Notice the last line with just fruit on it. Typing just the variable name in just prints the value to the Console.

R has a flexible syntax (read blank spaces do not matter). The following two lines of code are identical to the above one.

fruit<-"apple"
fruit    <-     "apple"

However the syntax fruit <- "apple" is the recommended one. **See here for more information about Recommended R syntax: https://style.tidyverse.org/syntax.html**

R as a calculator: + - * / > >= %% %/% etc

2 + 2
## [1] 4
2 * 3
## [1] 6
2 ^ 3
## [1] 8
5 / 2
## [1] 2.5

Comparison:

2 == 1
## [1] FALSE
2 == 2
## [1] TRUE
3 > 2
## [1] TRUE
2 < 3 # Same as above
## [1] TRUE
"apple" == "apple"
## [1] TRUE
"apple" == "pair"
## [1] FALSE
"pair" == "apple" # Order doesn't matter for ==
## [1] FALSE

Types of variables

Vectors

When we run a line of code like this:

x <- 2

We're assigning 2 to a variable x. x is a variable but it is also a "numeric vector" of length 1.

class(x)
## [1] "numeric"
length(x)
## [1] 1

Above, we ran two function: class and length on our variable x.
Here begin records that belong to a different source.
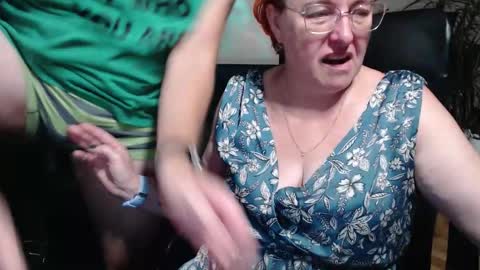 Snapshot of joannaandneighbour chatting on October 10, 2025, 8:02 am Joanna and Greg online show from October 10, 2025, 8:02 am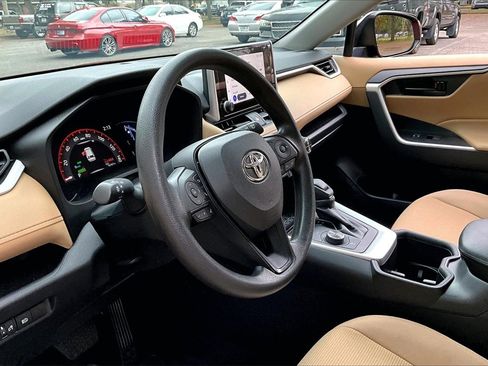 Used 2023 Toyota RAV4 LE image 14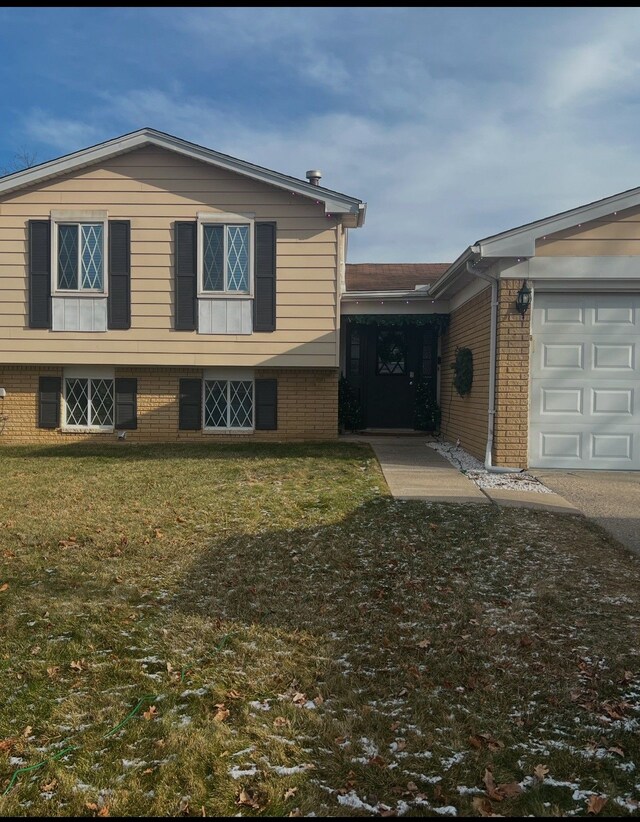 view of front of property featuring a front lawn and a garage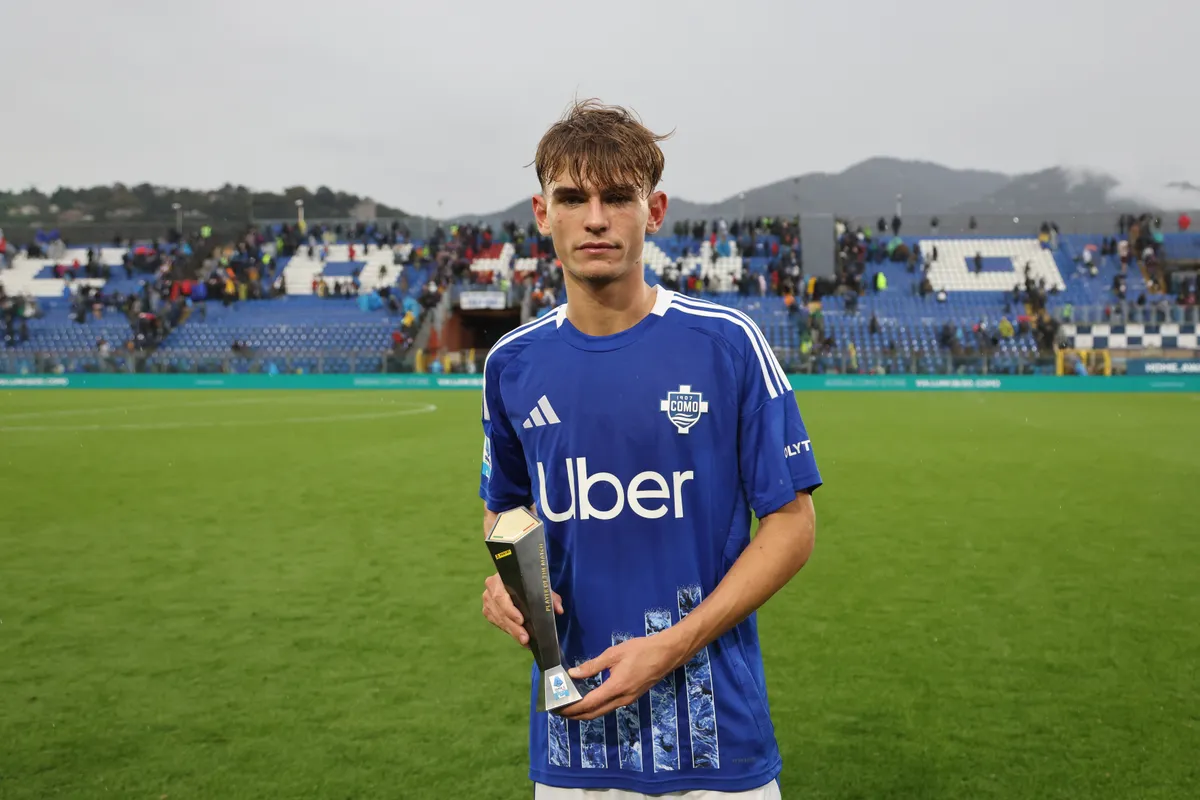 Nico Paz Côme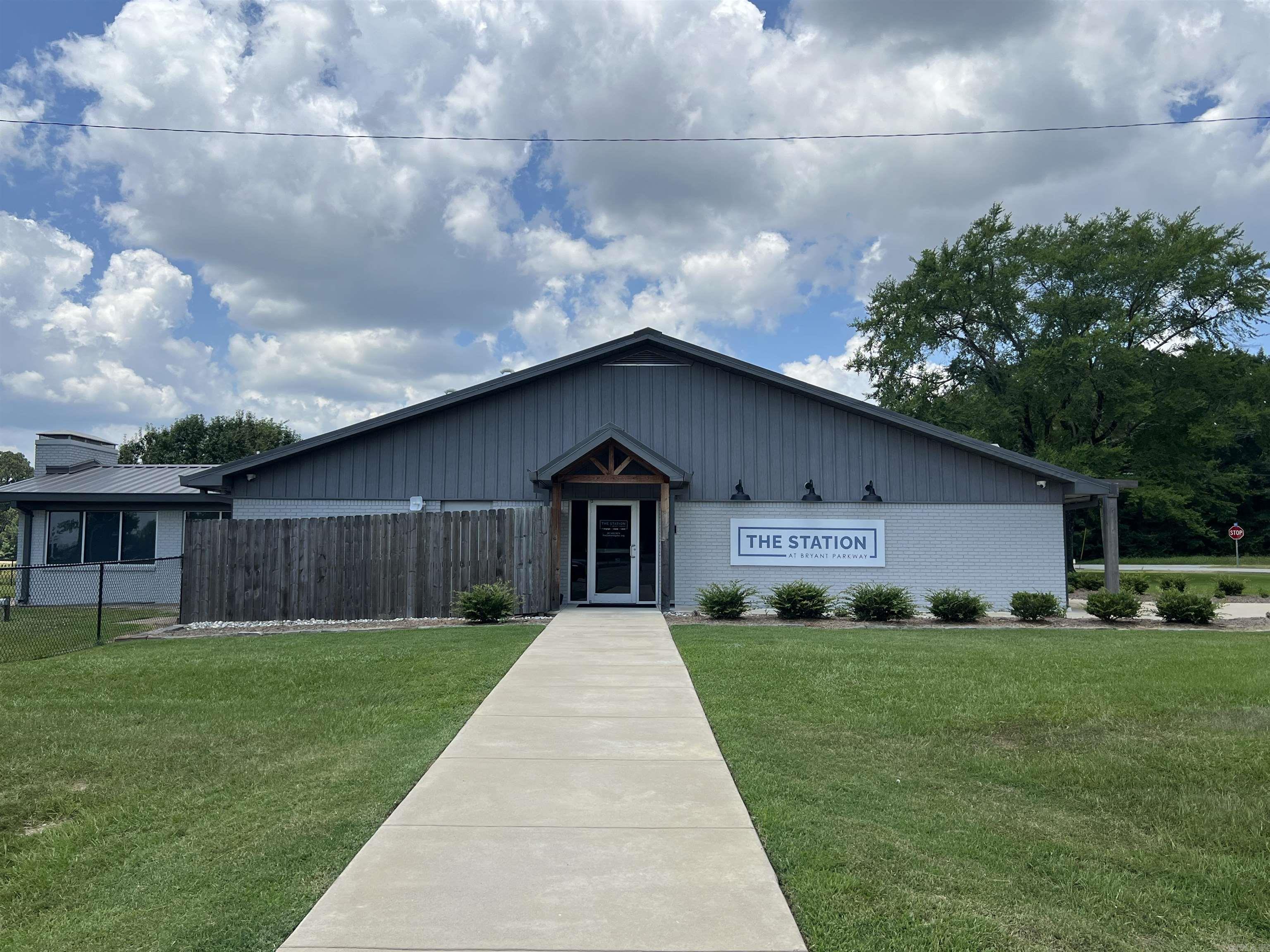 3313 Village Green Drive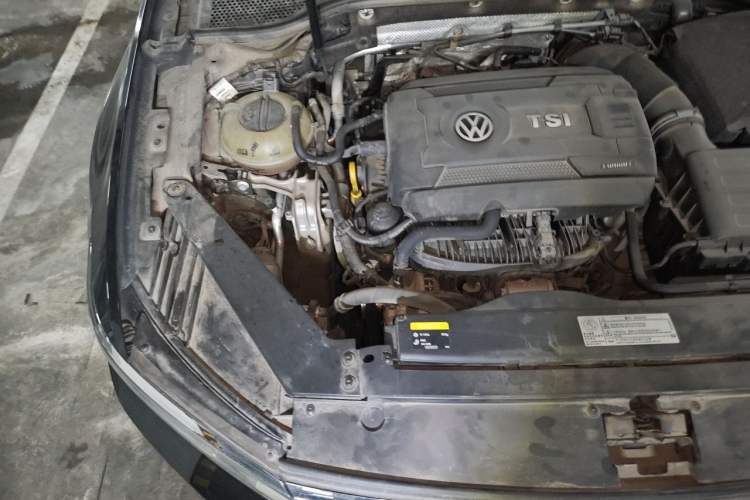 Used Volkswagen Magotan 2018 330TSI DSG Luxury Model Engine Bay Right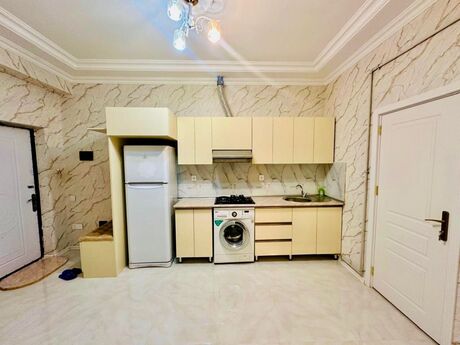 Satılır 3 otaqlı yeni tikili 77 m², Saray q.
Running functions is a very common thing you'll do in R. Every function has a name, following by a pair of () with something inside.

We can make a numeric vector that is longer like so:

x <- c(1, 2, 3) # Use the `c` function to put things together

Notice we can also re-define a variable at a later point just like we did above.

class(x)
## [1] "numeric"
length(x)
## [1] 3

R can store much more than just numbers though. Let's start with strings of characters, which we've already seen:

fruit <- "apple"
class(fruit)
## [1] "character"
length(fruit)
## [1] 1

Depending on your background, you may be surprised that the result of running length(fruit) is 1 because "apple" is five characters long.

It turns out that fruit is a character vector of length one, just like our numeric vector from before. To find out the number of characters in "apple", we have to use another function:

nchar(fruit)
## [1] 5
nchar("apple")
## [1] 5

Let's make a character vector of more than length one and take a look at how it works:

fruits <- c("apple", "banana", "strawberry")
length(fruits)
## [1] 3
nchar(fruits)
## [1]  5  6 10
fruits[1]
## [1] "apple"

Smushing character vectors together can be done with paste:

paste("key", "lime", "pie")
## [1] "key lime pie"

Vectors always have to be one class -- we have just seen examples of numeric and character vectors. What happens when we try to mash them together? Instead of throwing an error, R will first try to change force (called coercion) the elements to all be the same class. For instance, the numbers in the code below are forced to be characters:

x <- c(1, 2, "three")

class(x)
## [1] "character"

This tells us that the character class takes over the numeric class. In general, the coercion order is approximately logical < numeric < character.

What if we don't like this order? In particular, what if we wanted to force x to be a numeric vector instead of a character vector? We can try doing this using the as.numeric() function.

x <- c(1, 2, "three")
as.numeric(x)
## Warning: NAs introduced by coercion
## [1]  1  2 NA

The answer is that R will try its best to figure out what number "three" is referring to. In this case, R couldn't figure it out, so it changed "three" to NA. But now consider this example:

y <- c(1, 2, "3")

# y is a character vector
class(y)
## [1] "character"

# but we can turn it into a numeric vector without NAs
as.numeric(y)
## [1] 1 2 3

R's output can change based on what we're using as the input, so we have to be careful to keep track of what our inputs and how R will handle them.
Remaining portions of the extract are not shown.